Очень хороший творческий спектакль. Наполненный. Много нового. Хорошо и совсем по-новому сыграл сцену с Сем. Сем. Тихо. Весь в себе. Сколько прошло спектаклей, столько пытался добиться явного, точного, знаемого, и не получалось. И вот — наконец.
Смотрел «Милого обманщика»[542] в зале Чайковского — акимовский театр.
Чудесный текст. Ах! завидно… Везет же актерам… А вот что касается представления… О! Точное слово: представление… Я его не люблю… Но это никого не касается: оказывается, многие любят или не отличают одно от другого.
Я ставил себя на место исполнителей и проверял, и по чести, я не знаю, как играть в таком спектакле. То актеры рассказывают залу, то общаются друг с другом, то… то от имени исполнителя, то от образа, то от автора… Не понять. Или не обращать на это внимания?
18/V
Новицкий звонил. Гоцррил, как всегда, ультимативно, телеграфно, с интонациями, в которых не разберешь, когда он доволен, когда не принимает, что понравилось, что отвергает. Суди только по тексту, а текст такой:
— Я хочу вас видеть. Пьеса неважная. Произвел большое впечатление спектакль. Вы меня расстроили. Я плакал. Ваши особенно сильные места, когда вы молча, без слов, плачете. На сцене плачут плохо. Актеры не умеют на сцене ни плакать, ни мучиться. А вы… я плакал вместе с вами.
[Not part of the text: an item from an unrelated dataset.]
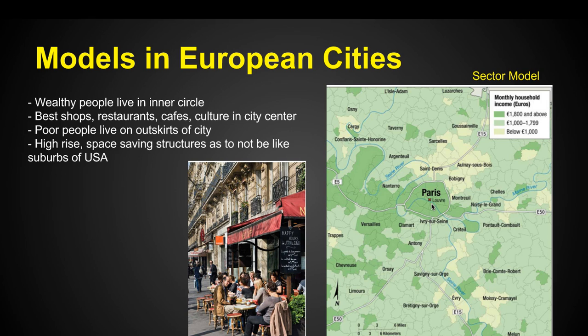In Europe, poor people live on the outskirts of the city. Historically, as cities developed in Europe, rich people lived in the city center where all the shops, restaurants, and cafes were. Poor people who moved to find jobs in Paris, for example, could not afford housing in the city center, so they had to live on the outskirts. Instead of creating suburban sprawl like in the United States, European cities create space-saving structures — more apartments and high-rise buildings so as not to sprawl all the way across the landscape.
Полный и тщательный разбор!
А может быть, это хорошо, что ученый-искусствовед говорит, как простой зритель?
Вечером звонил С. Васильев.
— Впечатление такое, что все, что можно было извлечь хорошего, доброго из роли, добыто, добавлено. Я не поклонник Штока. Но тема, им взятая, у нас не представлена, и потому полезна.
Вы собственными средствами восполнили недостающее, помогли донести хорошее, и чем дальше, к концу, тем лучше и сильнее. Спектакль посещается. Билетов достать нельзя.
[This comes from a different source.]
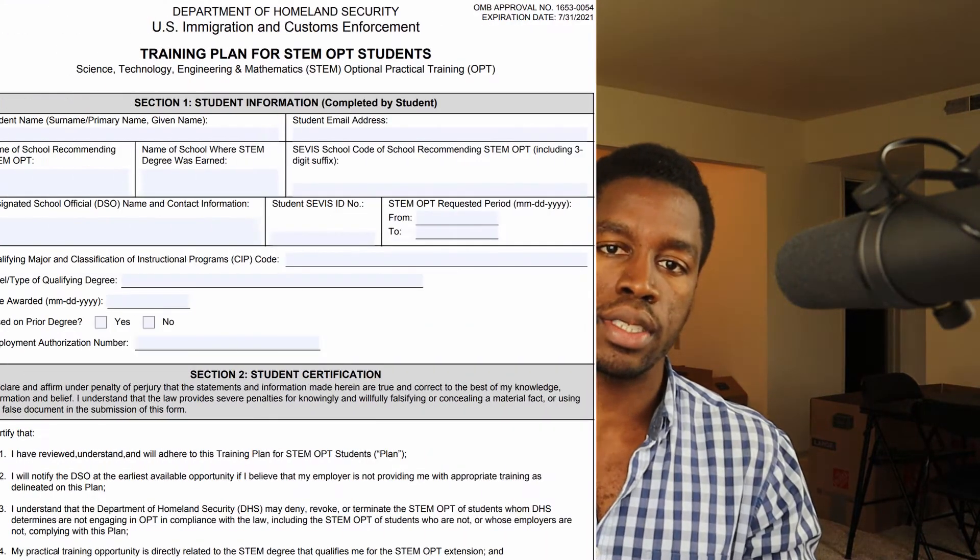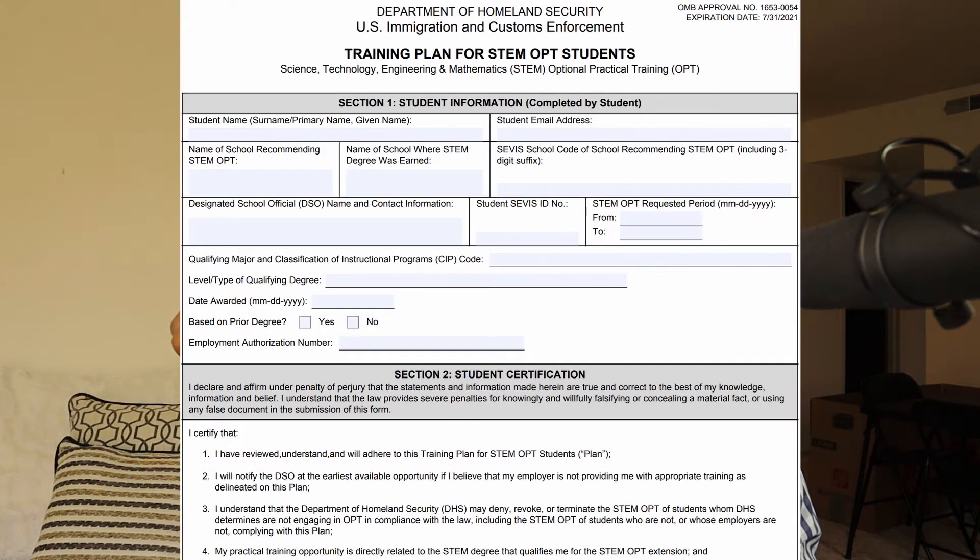In this video, I'm going to be describing how to apply for your STEM OPT extension and in particular, we're going to be discussing how to complete the form I-983. So if you are currently in the process of applying for your STEM OPT or thinking about applying for your STEM OPT in the future, you want to make sure you watch this video through to the end.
Я придавлен вами, то есть в плену у вас, героическо-романтический актер, каким вы существуете в нашей зрительской памяти, и вдруг… играете труднейшие моменты без движения, без слов, со скупым жестом.
А третий акт — целый этап! Не сходя с места, со скупым жестом и огромной наполненностью. Изумительно!
10/VI
«ЛЕНИНГРАДСКИЙ ПРОСПЕКТ»
Подло, ищу оправдания своей лени. Бездеятелен. Дни летят впустую. Только — дрема…
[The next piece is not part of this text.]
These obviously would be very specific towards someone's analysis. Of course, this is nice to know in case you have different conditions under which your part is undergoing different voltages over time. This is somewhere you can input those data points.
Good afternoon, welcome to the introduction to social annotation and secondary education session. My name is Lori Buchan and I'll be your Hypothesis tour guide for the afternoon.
Душа молчит и не хочет никаких заданий… и нет сил заставить ее откликнуться… слабые потуги воли… Спектакль получился пустой.
Какие важные и совершенно новые вопросы поднимает время. Старшее поколение, вынесшее на своих плечах все лишения, невзгоды, потрясения, горе ради будущего, опасается, озабочено, в те ли руки оно передает великое дело жизни поколений?
Сегодня «Театр» опубликовал маленькую статейку[543] о спектакле: статейка доброжелательная, но… боже мой, где же у рецензентов глаза!.. Оказывается, в притушенных комнатах замирает жизнь, и актеры в статике ждут своей очереди действия!.. Ведь если рецензент не замечает двигающихся актеров, где же ему заметить более тонкие движения — души?..
7/VII
Смотрел у нас «Бунт женщин»[544].
Хорошая работа Ю.А. Великолепные находки, чудесные мизансцены и, несмотря на большую перегруженность (сокращать надо немилосердно), несмотря на то, что в спектакле соединены, кажется, все театральные жанры, спектакль объединен.
Хорош Васильев — изобретателен, выразителен.
Хороша музыка Кара-Караева.
Великолепен Плятт[545]. Удивительная у него, как ни у кого, готовность к первому спектаклю. Несмотря на гротеск, он — человек, в каждую секунду пребывания на сцене… Роль выросла, набирая силы через «Компас», «Министершу» и др… И прекрасное завершается здесь. Роль искрится, шипит…
Радует Плятт. Он в расцвете своего удивительного таланта. Спросил он меня: «Как? Я тебя боюсь больше остальных!..»
— Да мне радостно, когда бывает хорошо от настоящего таланта, серьезного и одновременно озорного.
15/VIII
КИЕВ
О, какое событие[546]! После четырех суток полета вокруг Земли, сегодня приземлились наши Николаев и Попович.
Слава вам, дорогие, слава!
Удивительно, и странно, что опасения за их жизни уже не посещают людей.